Exactly and only the lines from the one with "American Bison" through the end of the listing are to be transcribed, both ends included.

[DATASET EXCERPT]

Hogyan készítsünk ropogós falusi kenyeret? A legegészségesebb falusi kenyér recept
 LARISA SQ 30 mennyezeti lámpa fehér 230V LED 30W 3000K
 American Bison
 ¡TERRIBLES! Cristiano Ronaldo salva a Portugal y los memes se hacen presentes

[/DATASET EXCERPT]

- _ANSWER_:
 American Bison
 ¡TERRIBLES! Cristiano Ronaldo salva a Portugal y los memes se hacen presentes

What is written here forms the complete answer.